• The task:
Among the entries below, only the lines from the one with "Mulher com cabelos" through the one with "A pretty Spanish" are wanted, reproduced exactly. Pictures are not wanted.

• Exercise input:
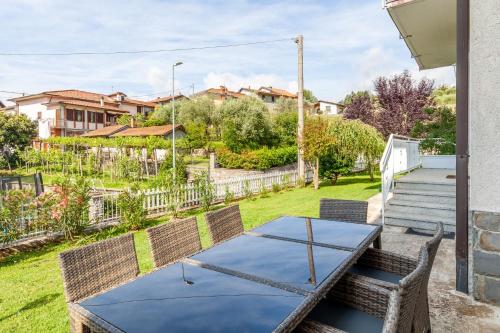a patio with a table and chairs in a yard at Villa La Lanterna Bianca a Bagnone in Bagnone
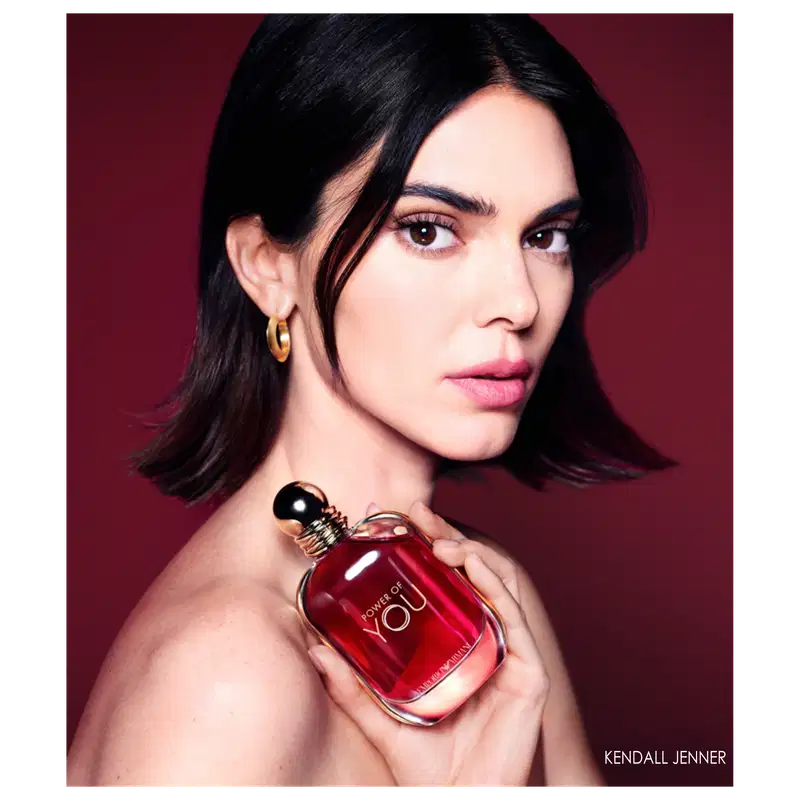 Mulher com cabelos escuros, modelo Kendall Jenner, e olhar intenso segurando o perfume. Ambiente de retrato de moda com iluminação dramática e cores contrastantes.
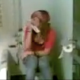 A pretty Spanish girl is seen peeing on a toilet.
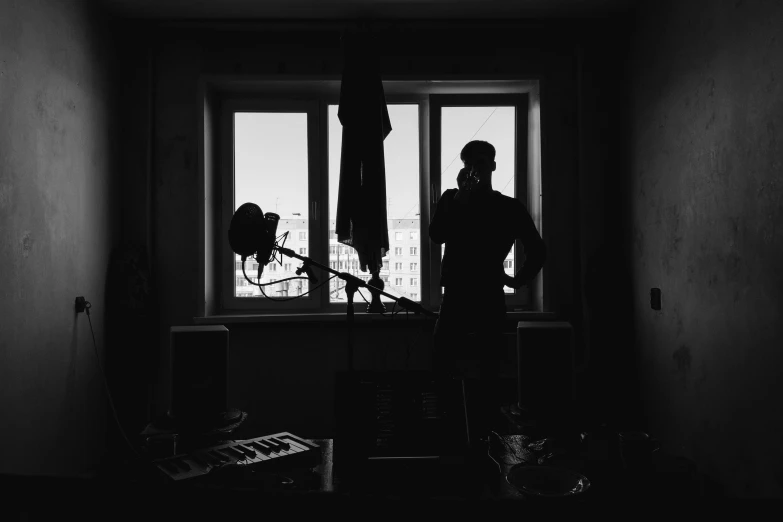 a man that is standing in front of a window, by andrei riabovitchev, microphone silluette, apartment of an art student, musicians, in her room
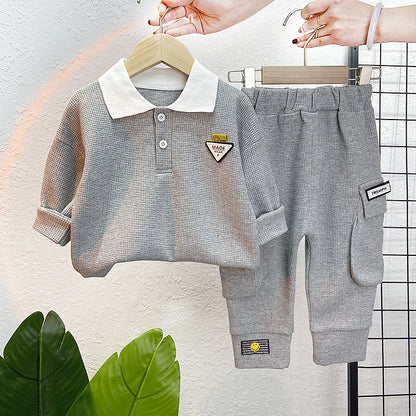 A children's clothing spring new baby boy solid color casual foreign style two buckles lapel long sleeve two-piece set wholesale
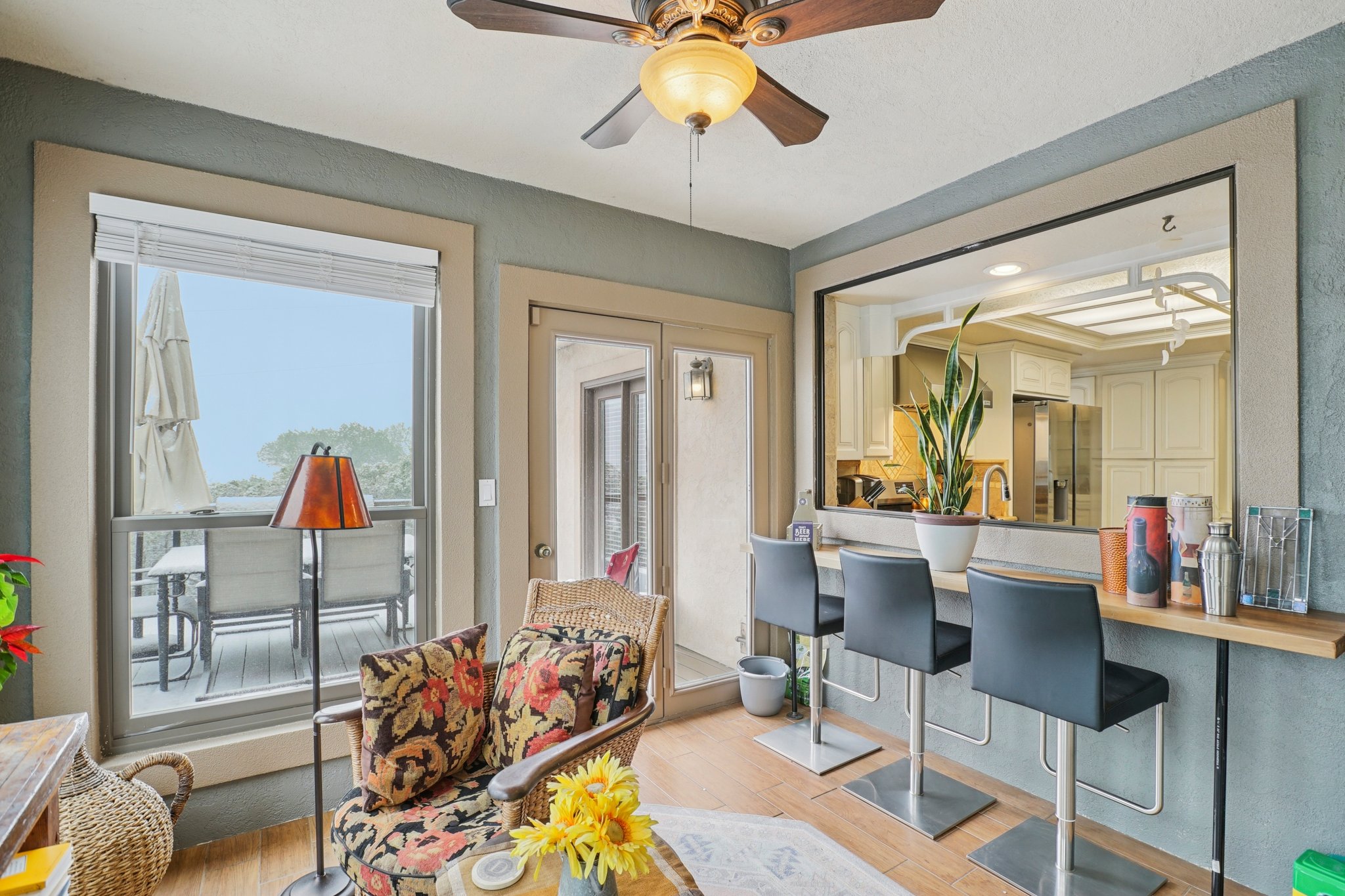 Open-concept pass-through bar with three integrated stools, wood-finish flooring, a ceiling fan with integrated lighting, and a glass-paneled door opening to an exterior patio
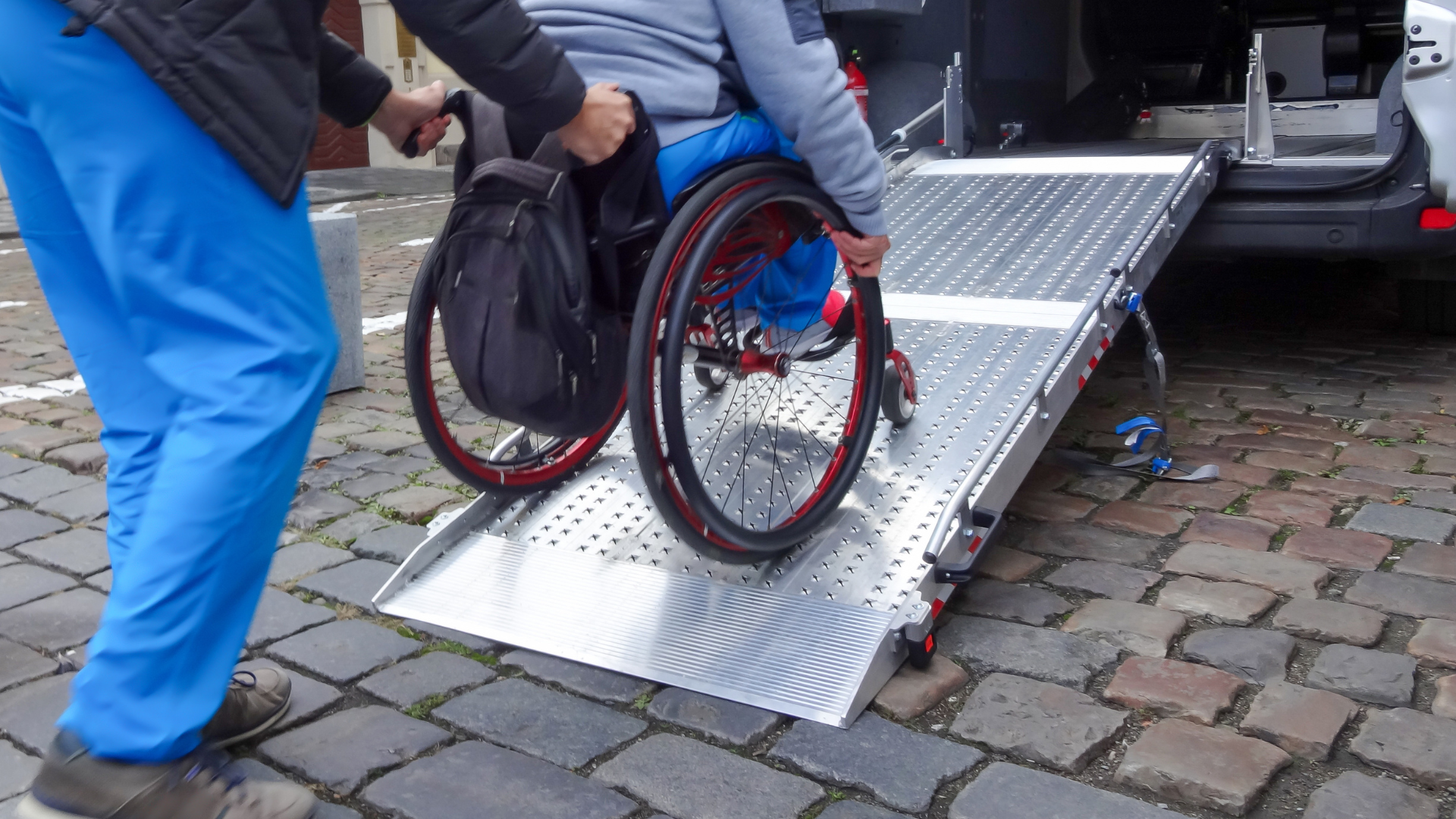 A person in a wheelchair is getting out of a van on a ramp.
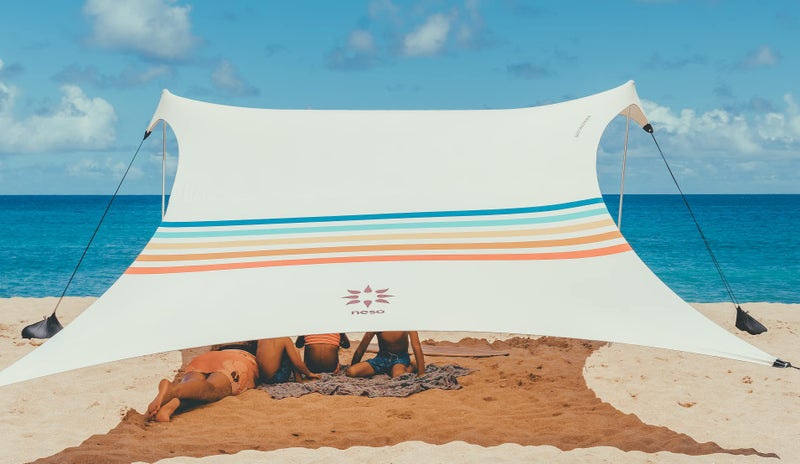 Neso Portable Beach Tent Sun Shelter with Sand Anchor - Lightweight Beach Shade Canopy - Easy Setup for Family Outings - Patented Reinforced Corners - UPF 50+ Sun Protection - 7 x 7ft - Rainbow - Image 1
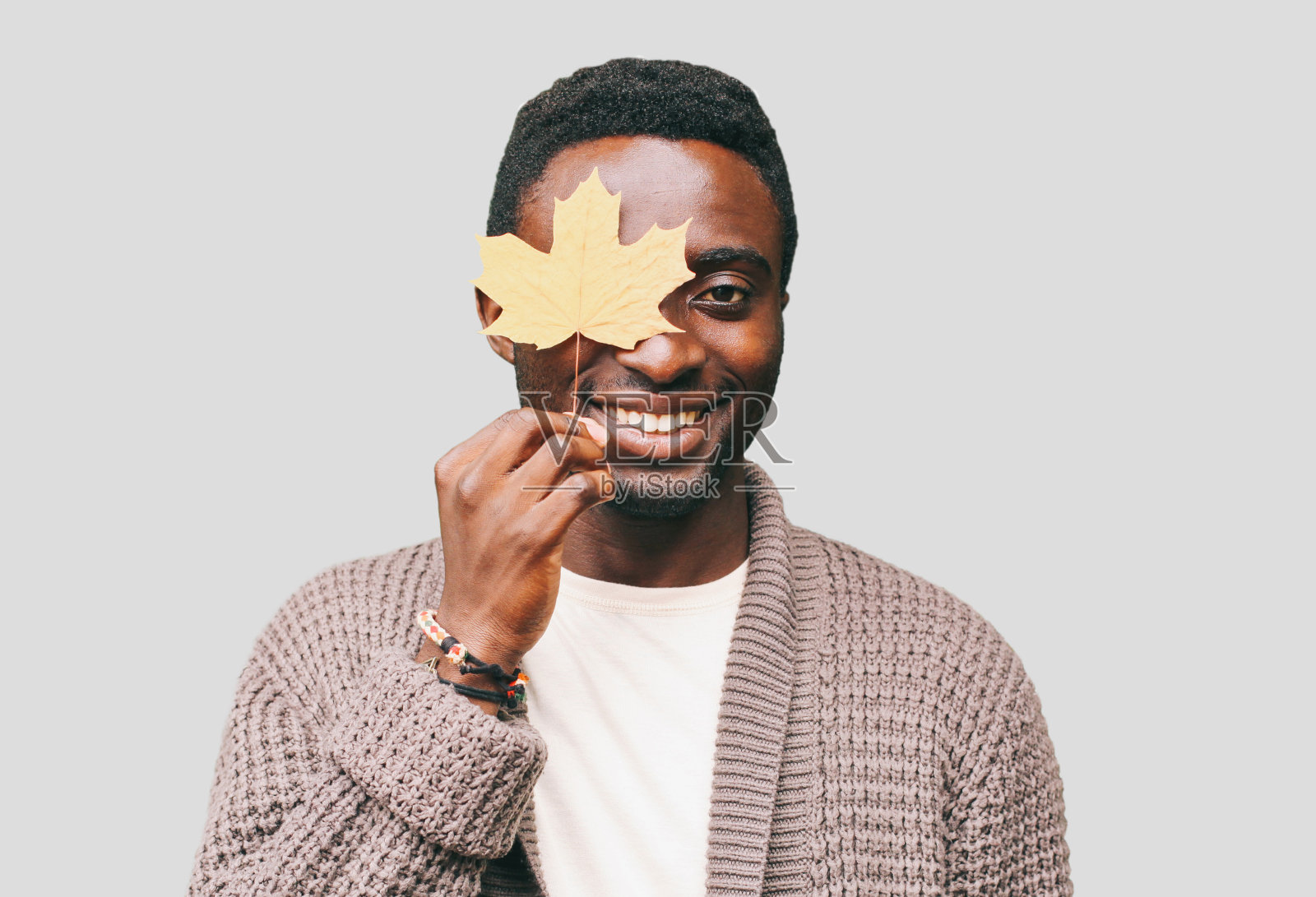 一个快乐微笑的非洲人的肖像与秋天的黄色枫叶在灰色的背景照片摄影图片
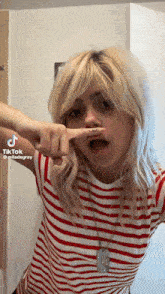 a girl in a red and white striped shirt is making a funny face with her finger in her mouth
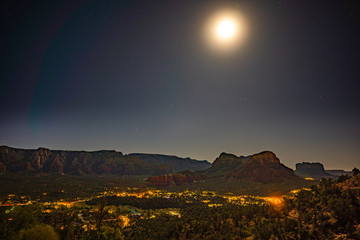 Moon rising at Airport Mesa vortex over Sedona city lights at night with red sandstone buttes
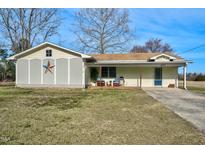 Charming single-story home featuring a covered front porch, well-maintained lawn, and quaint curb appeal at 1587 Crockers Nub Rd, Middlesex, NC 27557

• Task output:
 Mulher com cabelos escuros, modelo Kendall Jenner, e olhar intenso segurando o perfume. Ambiente de retrato de moda com iluminação dramática e cores contrastantes.
 A pretty Spanish girl is seen peeing on a toilet.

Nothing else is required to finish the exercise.